> [What is expected]:
Only text lines belong in the answer: the lines from the first one in the records through the line with "The Level Feedback", copied exactly.
(Supplied material)
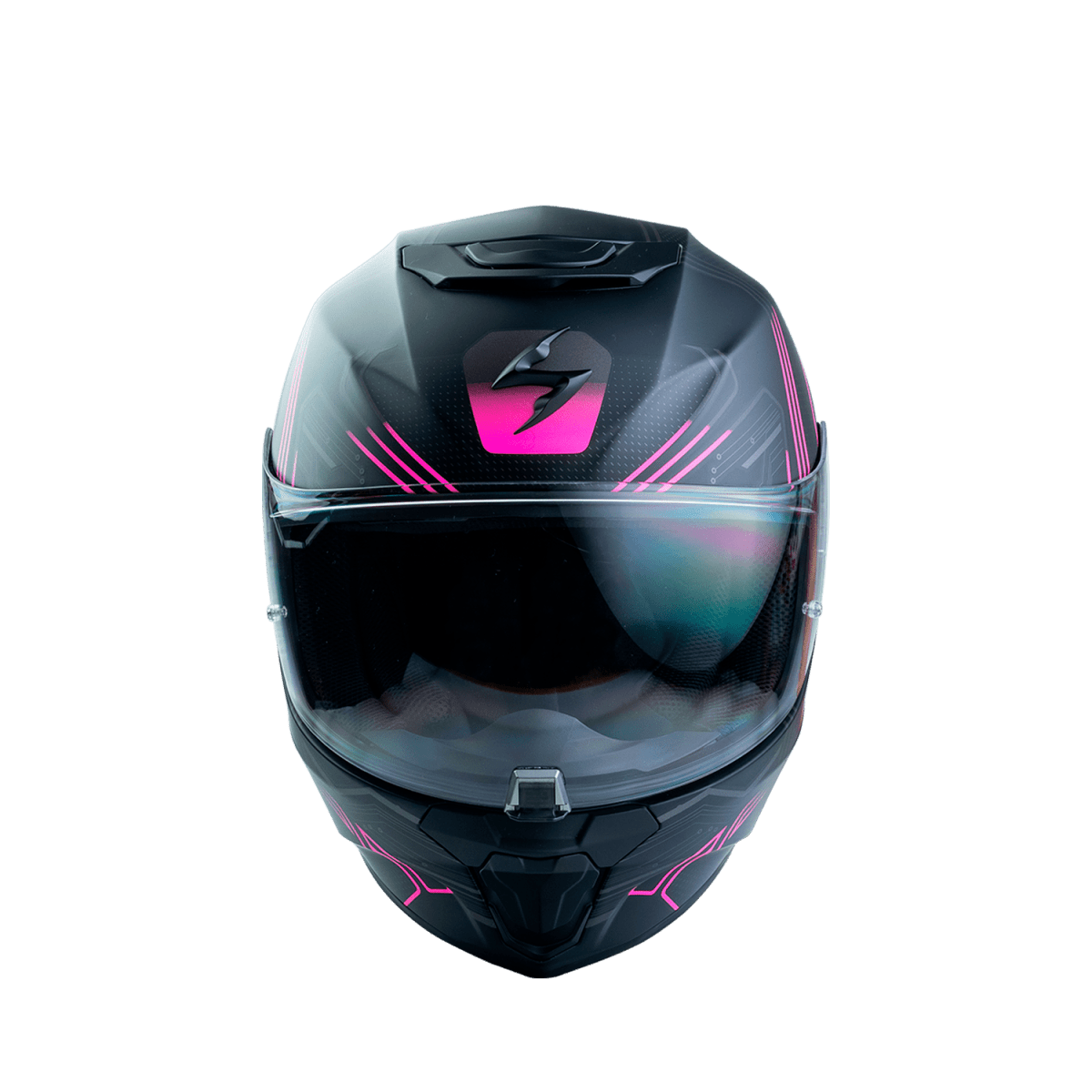 CASCO SCORPION EXO-391 SPADA NEGRO MATE FUCSIA2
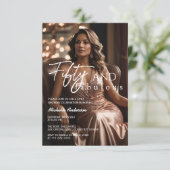 50 & Fabulous Photo Roos Gold 50e Verjaardag Kaart (Staand voorkant)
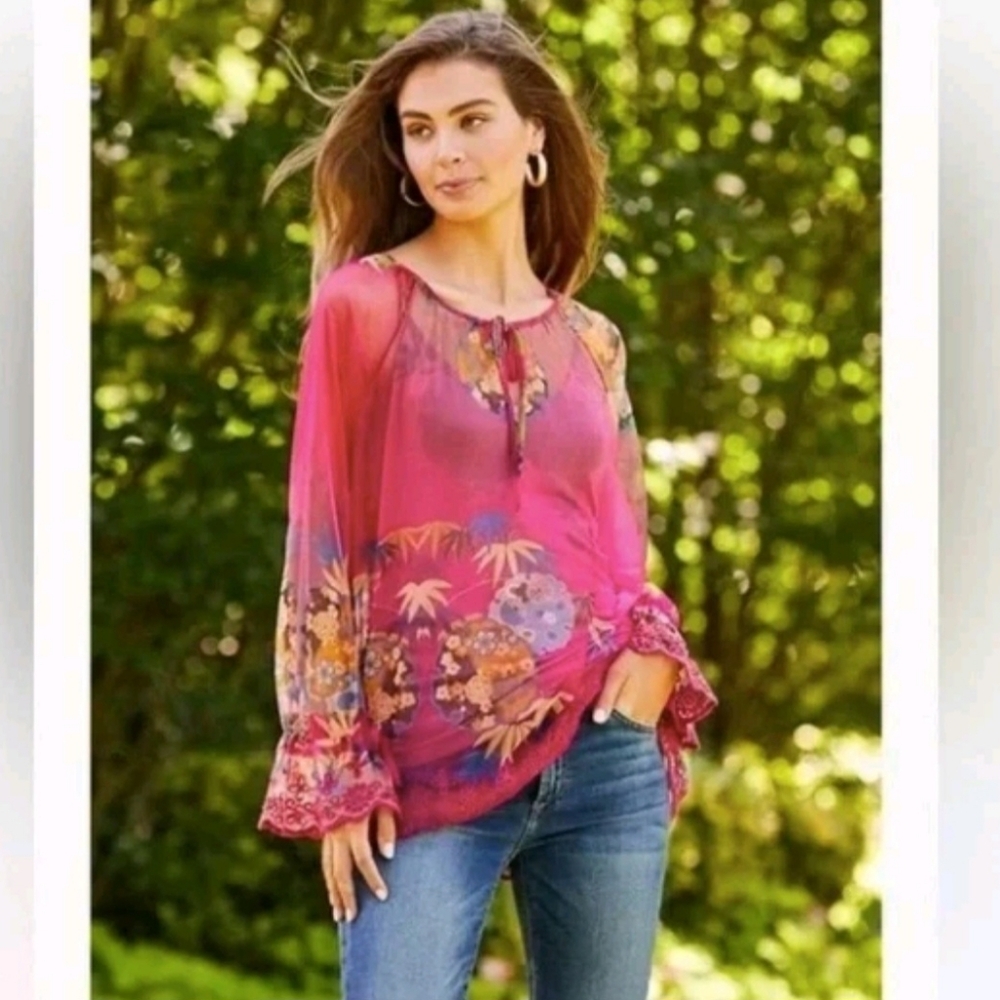 MAZZY JOHNNY WAS PINK FLORAL PLEASANT Blouse NEW TAGS DRALION 2 PIECE Cami L S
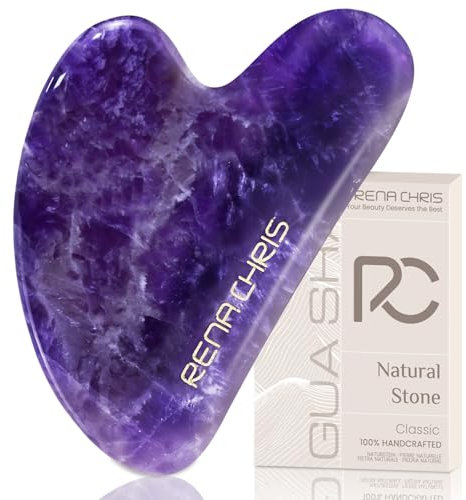 Rena Chris Gua Sha en Améthyste pour Visage et Corps - Sculpte la Ligne de la Mâchoire, Réduit les Poches - Cadeau de Soins de la Peau (Violet)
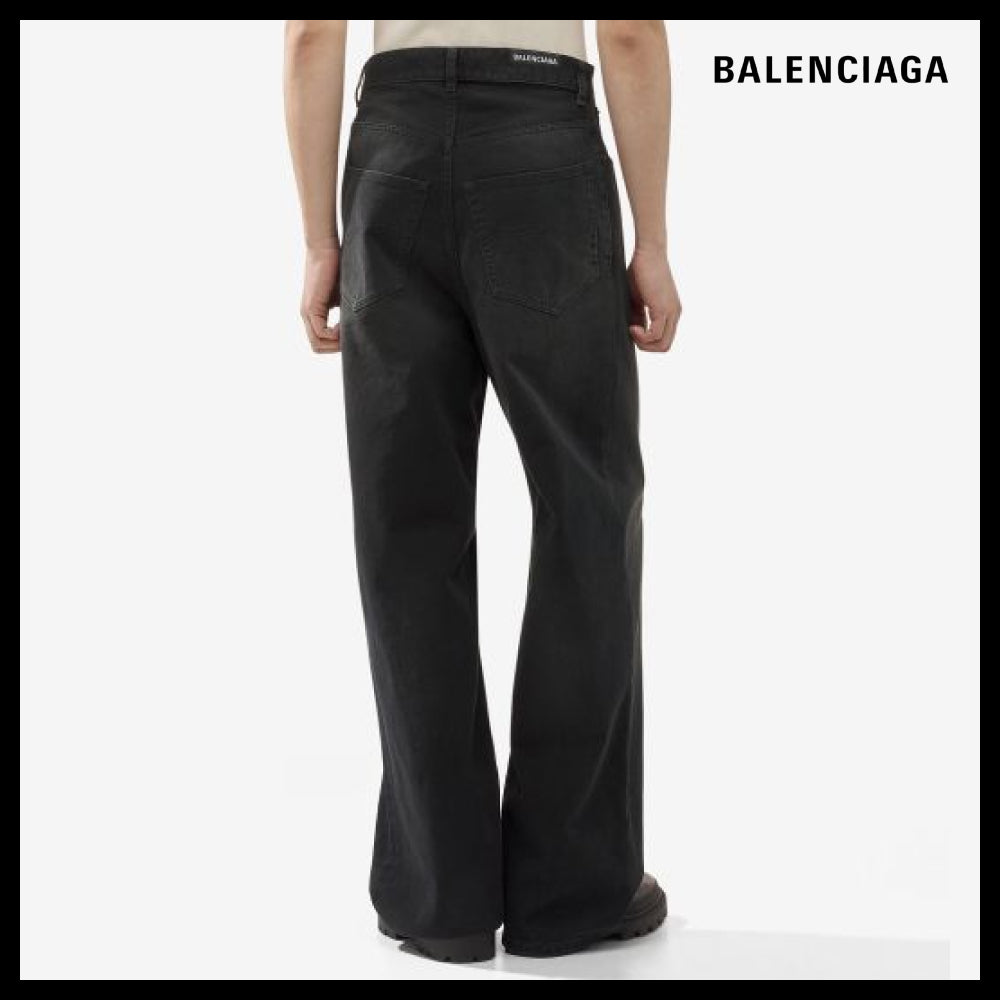 【BALENCIAGA】Baggy Soft Denim Pants Faded Black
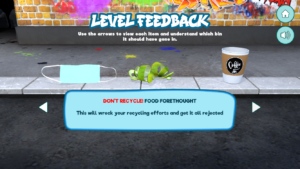 The Level Feedback screen from Biffa Waste Munchers showing a mask, some vegetable scraps and a coffee cup with the text 'Don't Recycle! Food Forethought. This will wreck your recycling efforts and get it all rejected'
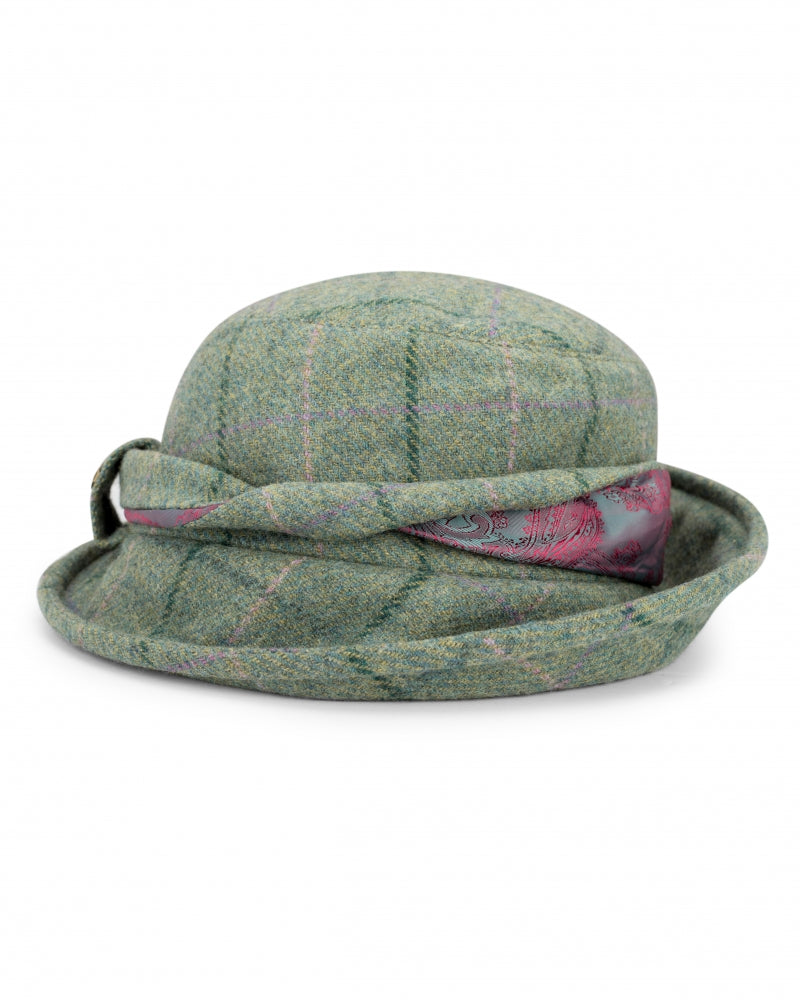 Hoggs of Fife Womens Roslin Technical Tweed Twist Hat Green Spring Bracken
(End Supplied material)
> [Written reply]:
 CASCO SCORPION EXO-391 SPADA NEGRO MATE FUCSIA2
 50 & Fabulous Photo Roos Gold 50e Verjaardag Kaart (Staand voorkant)
 MAZZY JOHNNY WAS PINK FLORAL PLEASANT Blouse NEW TAGS DRALION 2 PIECE Cami L S
 Rena Chris Gua Sha en Améthyste pour Visage et Corps - Sculpte la Ligne de la Mâchoire, Réduit les Poches - Cadeau de Soins de la Peau (Violet)
 【BALENCIAGA】Baggy Soft Denim Pants Faded Black
 The Level Feedback screen from Biffa Waste Munchers showing a mask, some vegetable scraps and a coffee cup with the text 'Don't Recycle! Food Forethought. This will wreck your recycling efforts and get it all rejected'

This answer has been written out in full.